シンクロナイズドスイミングで11年ぶりの日本代表ヘッドコーチ(HC)に復帰した井村雅代氏(64)が、日本にメダルをもたらした。乾友紀子(24=井村シンクロク)三井梨紗子(21=東京シンクロク)が92・0079点で銅メダルを獲得。日本勢として07年メルボルン以来、4大会8年ぶりの表彰台となった。五輪計14個のメダルへ導いた井村HCは、長く低迷した日本をどう立て直したのか? その極意に迫った。
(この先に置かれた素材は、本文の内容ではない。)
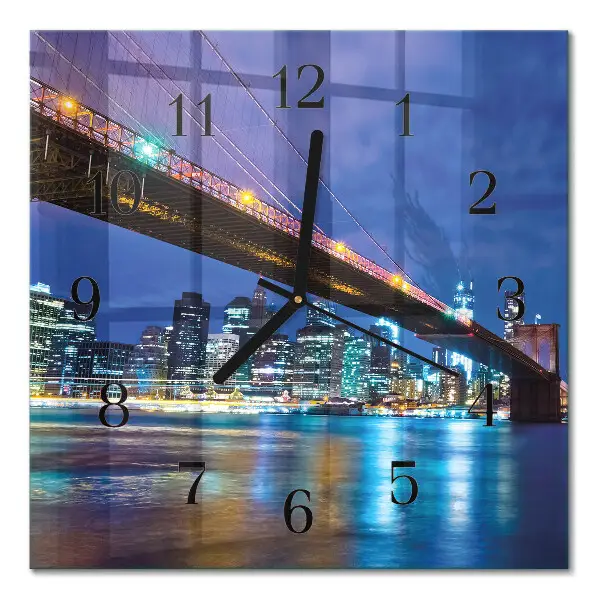 Vierkante glazen wandklok Brug
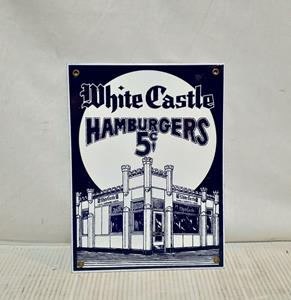 Fiftiesstore White Castle Emaille Bord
 昨年4月、井村HCは都内の会議室に選手を集めた。「毎回の練習を厳しく、自分を追い詰め、無理をして、120%の力を出して練習してほしい。しんどいとは思うが」。地獄のスパルタ指導の始まりだった。

 (1)軍隊式練習 1月から今大会まで約200日の間で合宿は143日。1日の平均練習時間は12時間以上。朝7時30分から午後1時30分、同2時30分から同6時30分、同8時から同10時30分。その後は個別でケアなどを行う。井村HCは「練習以外に自らを支えるものはない。16日間の合宿なら休みは1日」。その休日も休めない。与えられた課題を克服するため午前中は陸トレ、水中での自主練習が続く。

 (2)生活指導 ある選手の部屋が整理整頓できていなかった。「シンクロのチームはビシッと並ぶ。部屋がぐちゃぐちゃなのはあり得ないやろ。あんたらは水着もきれいで、きちんと化粧して本番に臨むでしょう」。早朝、睡眠不足と疲労から表情の暗い選手がいた。「シンクロは笑顔でやるもの。空元気で隠せ。弱そうな顔をしたら相手が有利になる。寒くても寒そうな顔をするな」。もちろん涙も禁止。「泣いても疲れるだけで何の解決にもならん。親が死んだとき以外はなし」。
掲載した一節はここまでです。